Falling in love with a city is not so different from giving your heart away to a person. You hunger to know every detail about your new beloved; the idea of leaving is unbearable. Then, after many years, as sometimes happens in any long relationship, there may come a shock. The object of your affection, the one you thought you knew so well, turns out to have been keeping a secret from you.
So it was for me in March. The revelation came when I joined a team of volunteers who have just finished documenting &mdash in writing and photographs &mdash the handsome architecture of Fremont, the city's quintessential neighborhood-in-the-middle.

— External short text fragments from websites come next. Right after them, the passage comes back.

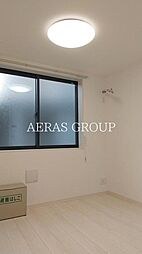 パークシード町屋 3階ワンルームのリビング/ダイニング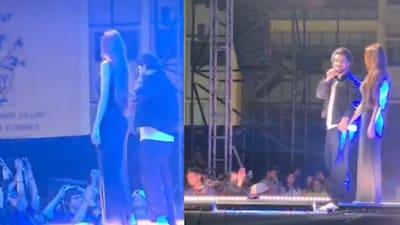 The music video is titled Yahin Guzaar Doon  (Photo Credit : Instagram)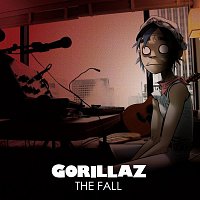 Gorillaz – The Fall – CD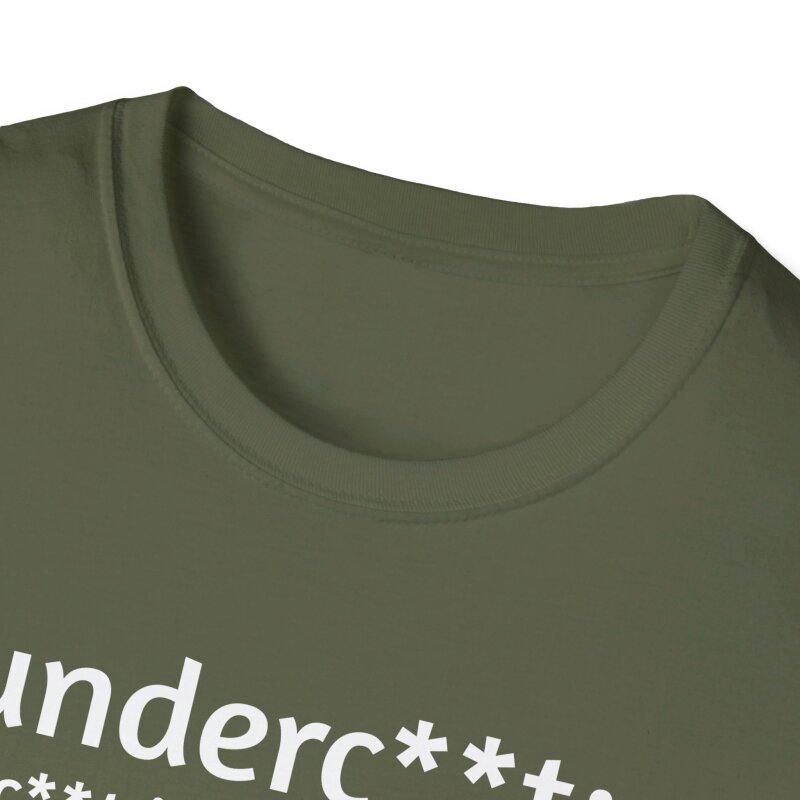 Thunderc**t - Unisex Softstyle T-Shirt - Image 40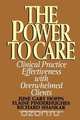 Power to Care, Elaine Pinderhughes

To be included in his inventory, a residential structure (single-family, duplex or tri-plex) must have been built before 1962; possess identifiable design characteristics of its period; and be seen as retaining the integrity of its original design. A small city grant will finance the report on what was found, under the direction of some of the region’s most experienced historic preservation professionals.

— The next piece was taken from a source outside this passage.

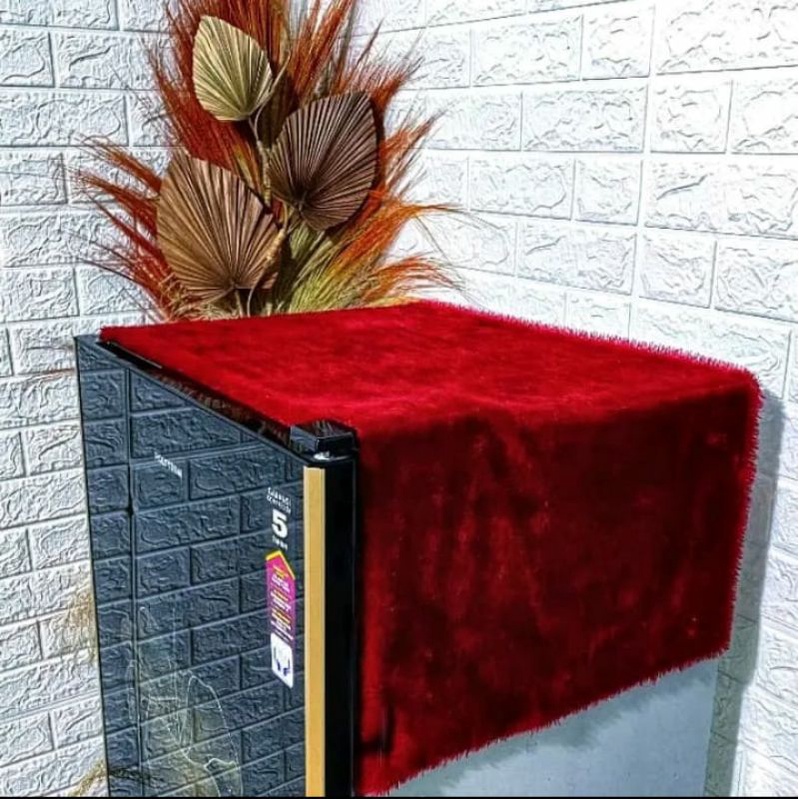 Taplak kulkas karakter / Taplak kulkas 1 pintu / taplak kulkas 2 pintu / taplak serbaguna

I confess, I started out smugly assuming that there would not be much for me to learn. I am a native Seattleite with decades of work in the city as a journalist, historic preservationist, and political activist. I’ve walked, bicycled, driven, door-belled, flown over and boated through its every corner. My grandparents even lived briefly in Fremont at the Hawthorne Square Apartments when they arrived from Chicago in the 1920s.

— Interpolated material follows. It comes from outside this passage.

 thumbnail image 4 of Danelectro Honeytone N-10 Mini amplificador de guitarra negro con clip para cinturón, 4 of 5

Survey leaders had divided Fremont’s territory into 14 sections. I was awarded a northwestern corner where a sort of boundary détente has been reached with Ballard and Phinney Ridge, defining where those communities officially end and Fremont begins. Clipboard in hand, armed with forms to be used for each structure thought to have merit, pages of instructions and a digital camera, I set out.
Fremont’s commercial sections don't dazzle, let's be honest: block after block of new "compact" condos, edgy apartments, and office buildings. Fremont also has had 40 years of starring as Seattle’s bohemia, best known for its Volkswagen-grasping Troll, "Waiting for the Interurban," defiant Lenin. Naked street fairs are all well and good, mind you, but when it comes to legacy-quality domestic architecture in the Seattle I know and love, it’s Queen Anne, Wallingford, the Lake Washington and Puget Sound shorelines, or Capitol Hill that come to mind.
But once I turned off Fremont’s arterials, I entered a place as unfamiliar to me as Bozeman, Montana.
My reliable and recent guidebook was unexpectedly vague. Streets that existed were missing. Streets that were not in the guidebook stretched before me. After a block or two, some of Fremont’s mapped avenues just run off a cliff or into a dirt bank. Streets with numbers cross each other and then announce “no entry” as they zig one-way, uphill or down, alongside massive concrete bulkheads that hold back the clay banks. So much for the Seattle native's keen sense of direction.
Soon into my wanderings, I spied the first of Fremont’s many surprises: a well cared-for, expansive, century-old Craftsman-style farmhouse, surrounded by beautiful orchard trees just coming into bloom, and a grand full porch with a panoramic western view of the Olympic Mountains. Fremont’s taverns, software companies, and 21st-century condos and townhomes were nowhere in sight.
When I looked through a photo collection from 1937, produced by photographers hired by the Works Progress Administration, I learned more about this surprising find. It verified the integrity of the farmhouse that I learned was built in 1911. It still proudly possesses the original porch, style, and roof line photographed 72 years ago. I took photos from several angles, hoping our survey will be as helpful to those who survey the place in 2109. (Using tools we can't even imagine.)
Deeper into my survey area I found blocks of mature houses: grand, small and in-between. Shoulder to shoulder, lovingly cared for, hundreds of venerable homes, each appreciated for individual style, decoration, and for what our English cousins call homeliness — that is, comfortableness.